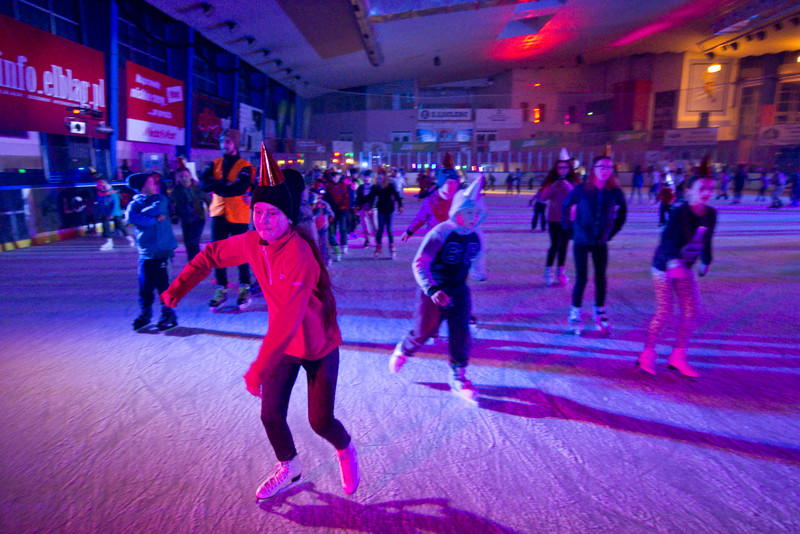 Gorąca zabawa na elbląskim lodowisku zdjęcie nr 145279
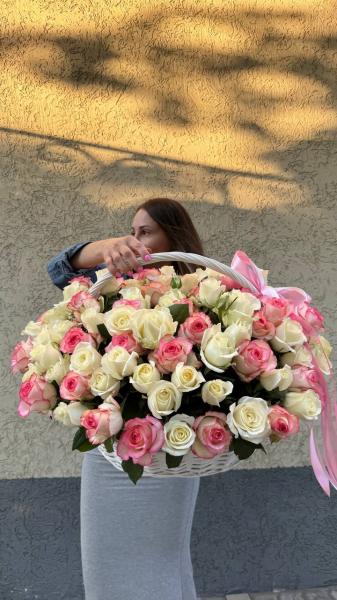 Композиция розовых и белых РОЗ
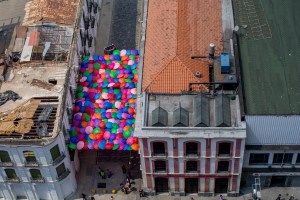 La verdad detrás de los paraguas de colores en el centro de Caracas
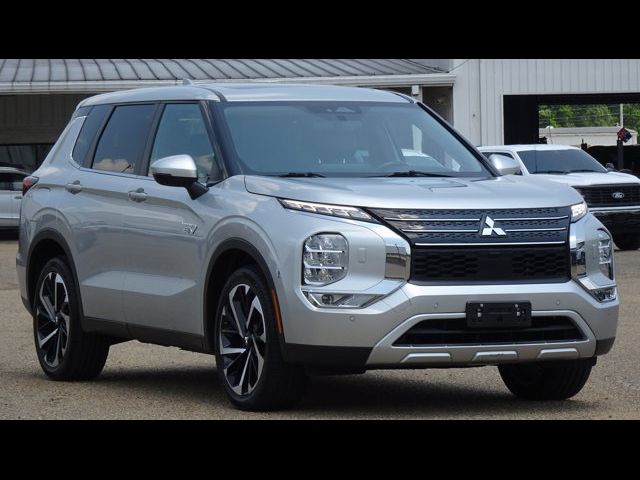 2023 Mitsubishi Outlander PHEV SE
• • • • •
Take the preceding listing and transcribe it exactly, skipping the pictures.

 Gorąca zabawa na elbląskim lodowisku zdjęcie nr 145279
 Композиция розовых и белых РОЗ
 La verdad detrás de los paraguas de colores en el centro de Caracas
 2023 Mitsubishi Outlander PHEV SE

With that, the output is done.